◆ **Provided records**
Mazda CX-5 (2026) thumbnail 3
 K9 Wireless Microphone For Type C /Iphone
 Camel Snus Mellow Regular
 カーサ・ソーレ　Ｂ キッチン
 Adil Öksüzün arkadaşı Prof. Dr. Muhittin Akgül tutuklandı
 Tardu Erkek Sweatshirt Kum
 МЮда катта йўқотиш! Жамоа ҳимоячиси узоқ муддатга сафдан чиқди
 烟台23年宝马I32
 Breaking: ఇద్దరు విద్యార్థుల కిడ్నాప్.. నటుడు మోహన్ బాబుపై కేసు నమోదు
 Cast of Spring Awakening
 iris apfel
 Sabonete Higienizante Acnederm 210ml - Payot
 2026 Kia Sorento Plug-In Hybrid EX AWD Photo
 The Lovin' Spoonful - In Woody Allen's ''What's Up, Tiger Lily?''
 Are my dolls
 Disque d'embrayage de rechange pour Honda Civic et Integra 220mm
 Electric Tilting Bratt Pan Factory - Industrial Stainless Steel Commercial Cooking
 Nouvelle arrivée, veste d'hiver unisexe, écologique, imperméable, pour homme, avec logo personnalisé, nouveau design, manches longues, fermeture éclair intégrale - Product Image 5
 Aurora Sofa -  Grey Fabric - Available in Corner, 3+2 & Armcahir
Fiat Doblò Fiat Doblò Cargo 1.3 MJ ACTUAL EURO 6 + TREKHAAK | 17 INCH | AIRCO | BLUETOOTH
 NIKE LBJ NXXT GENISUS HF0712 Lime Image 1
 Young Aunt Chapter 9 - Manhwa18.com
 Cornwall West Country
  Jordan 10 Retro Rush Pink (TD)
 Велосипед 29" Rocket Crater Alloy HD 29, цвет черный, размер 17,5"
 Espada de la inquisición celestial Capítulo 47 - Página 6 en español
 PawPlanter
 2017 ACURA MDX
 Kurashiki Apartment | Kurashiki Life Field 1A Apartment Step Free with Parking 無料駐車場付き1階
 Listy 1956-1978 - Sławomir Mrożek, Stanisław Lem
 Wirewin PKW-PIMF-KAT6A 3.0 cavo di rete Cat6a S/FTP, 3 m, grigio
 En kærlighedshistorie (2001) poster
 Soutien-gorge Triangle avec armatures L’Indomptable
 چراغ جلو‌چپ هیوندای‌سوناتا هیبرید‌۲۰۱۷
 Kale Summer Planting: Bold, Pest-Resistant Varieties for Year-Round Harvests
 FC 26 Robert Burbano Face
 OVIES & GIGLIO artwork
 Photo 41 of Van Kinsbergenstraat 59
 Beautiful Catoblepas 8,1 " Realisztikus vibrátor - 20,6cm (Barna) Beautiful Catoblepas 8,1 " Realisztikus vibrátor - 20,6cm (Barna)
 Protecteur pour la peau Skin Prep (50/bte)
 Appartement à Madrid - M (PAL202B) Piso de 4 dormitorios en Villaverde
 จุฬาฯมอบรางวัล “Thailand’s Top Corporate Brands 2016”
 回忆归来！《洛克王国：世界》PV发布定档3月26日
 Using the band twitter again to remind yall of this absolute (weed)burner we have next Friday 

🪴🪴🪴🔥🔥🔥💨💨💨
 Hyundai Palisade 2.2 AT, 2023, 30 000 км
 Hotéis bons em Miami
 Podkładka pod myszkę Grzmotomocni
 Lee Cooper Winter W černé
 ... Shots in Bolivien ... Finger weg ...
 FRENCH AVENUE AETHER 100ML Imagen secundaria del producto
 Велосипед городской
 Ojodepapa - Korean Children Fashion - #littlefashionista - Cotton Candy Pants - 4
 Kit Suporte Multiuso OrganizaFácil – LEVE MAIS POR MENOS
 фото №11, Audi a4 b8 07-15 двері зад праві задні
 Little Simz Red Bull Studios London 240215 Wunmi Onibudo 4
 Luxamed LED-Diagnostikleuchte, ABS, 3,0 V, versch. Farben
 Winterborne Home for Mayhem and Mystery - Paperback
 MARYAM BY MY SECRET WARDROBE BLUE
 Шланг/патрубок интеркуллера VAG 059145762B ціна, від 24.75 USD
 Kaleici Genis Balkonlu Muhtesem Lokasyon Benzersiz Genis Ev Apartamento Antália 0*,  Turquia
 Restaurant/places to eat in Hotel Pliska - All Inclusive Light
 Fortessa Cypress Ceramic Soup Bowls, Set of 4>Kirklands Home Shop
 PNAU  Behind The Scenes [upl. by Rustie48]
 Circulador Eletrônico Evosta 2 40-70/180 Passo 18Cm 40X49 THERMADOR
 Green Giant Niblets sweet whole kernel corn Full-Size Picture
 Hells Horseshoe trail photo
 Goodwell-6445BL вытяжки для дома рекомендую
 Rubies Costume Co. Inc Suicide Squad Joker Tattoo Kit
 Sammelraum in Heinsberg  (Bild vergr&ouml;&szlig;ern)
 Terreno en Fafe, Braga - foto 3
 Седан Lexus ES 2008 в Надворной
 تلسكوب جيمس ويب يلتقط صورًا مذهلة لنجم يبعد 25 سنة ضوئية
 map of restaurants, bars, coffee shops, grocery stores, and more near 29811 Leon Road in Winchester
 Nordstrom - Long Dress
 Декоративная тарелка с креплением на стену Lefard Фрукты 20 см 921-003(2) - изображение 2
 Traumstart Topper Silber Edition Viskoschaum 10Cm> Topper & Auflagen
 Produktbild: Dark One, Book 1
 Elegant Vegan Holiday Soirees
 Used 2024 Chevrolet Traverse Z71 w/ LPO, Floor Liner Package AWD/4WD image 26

◆ **Action item**
What is needed is the number of lines in the entries that contain the word "avec", written alone.

◆ **Response**
2